This answer expands somewhat on Joran's to replace all SI affices with the appropriate exponents:

import re

SI = {
    "T": 12,
    "G": 9,
    "M": 6,
    "k": 3,
    "h": 2,
    "da": 1,
    "d": -1,
    "c": -2,
    "m": -3,
    "u": -6,
    "n": -9,
    "p": -12,
}

SI_REGEX = re.compile(r"(?<=\d)(%s)\b" % "|".join(SI))

def repl_si(match):
    return "e%d" % SI[match.group()]

def defix(formula):
    return re.sub(SI_REGEX, repl_si, formula)

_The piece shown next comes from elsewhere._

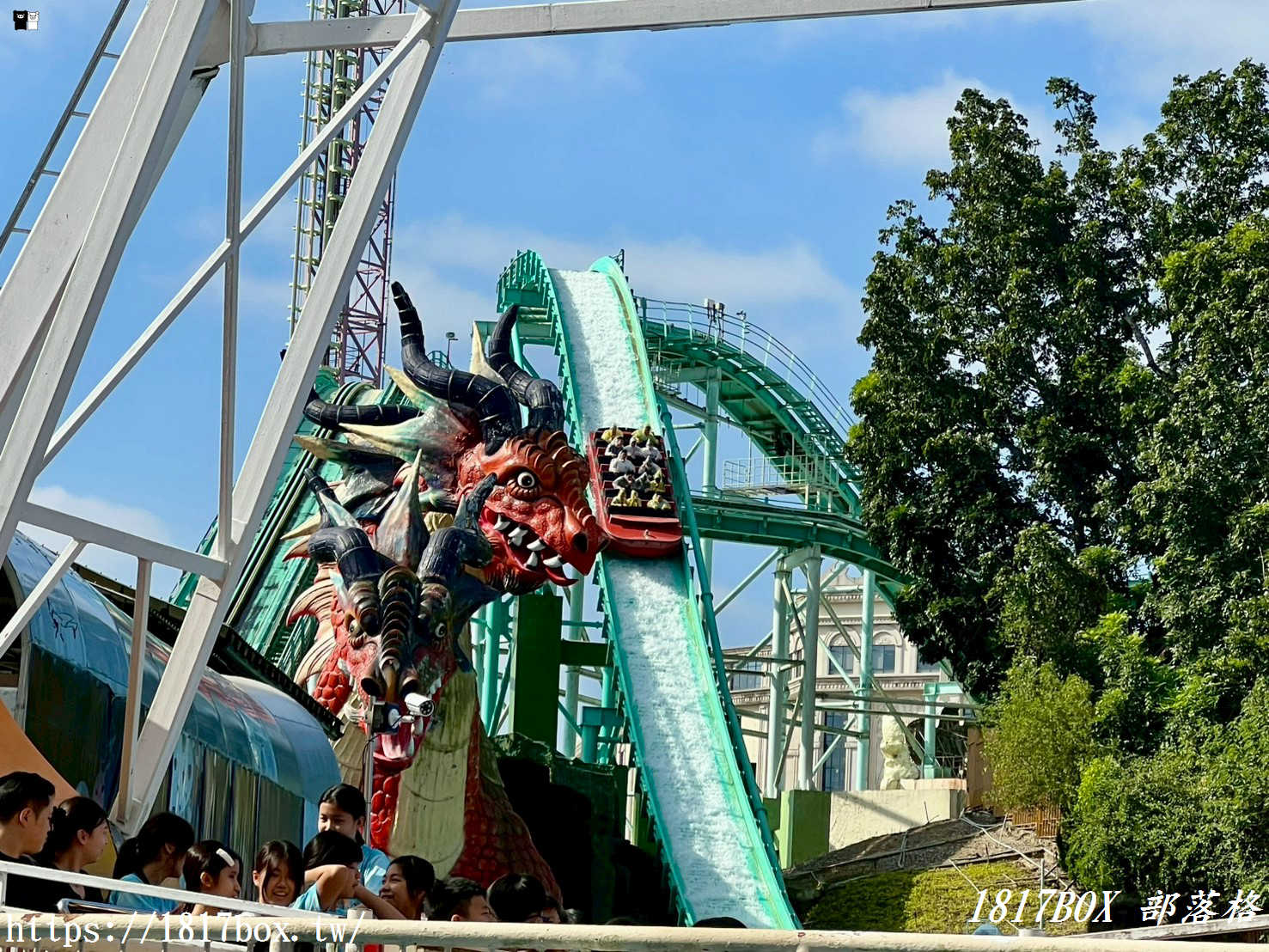 【義大遊樂世界攻略】必玩設施、門票優惠與交通住宿全解析！南台灣最美希臘風主題樂園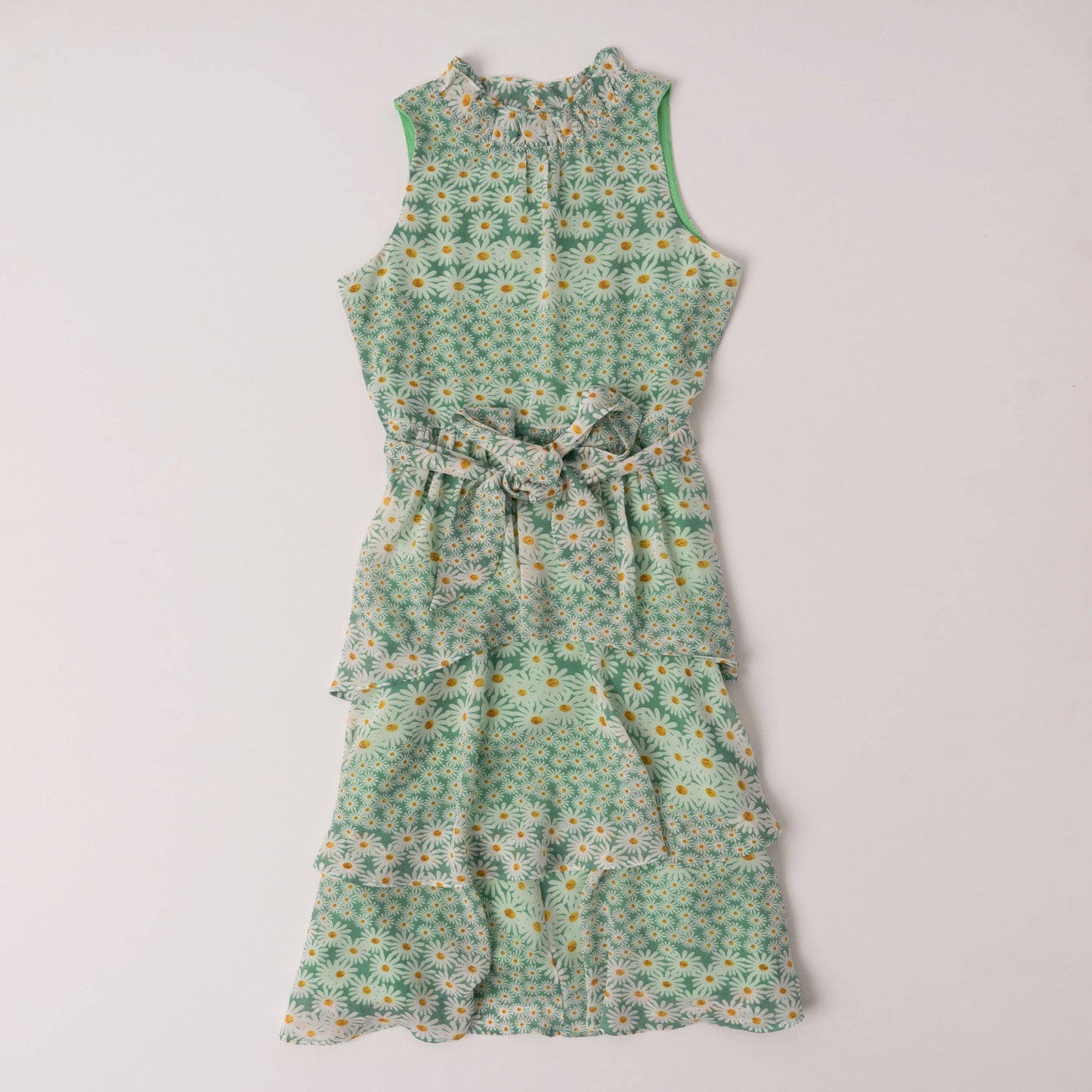Daisy Tiered Maxi Dress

Using the dictionary SI, we create a regular expression that will match any of the keys in SI as long as they're preceded by a digit and followed by a word boundary:

(?<=\d)(T|G|M|k|h|da|d|c|m|u|n|p)\b

Next, we define a substitution function repl_si() that looks up the match in SI and replaces it with "e" concatenated with the exponent.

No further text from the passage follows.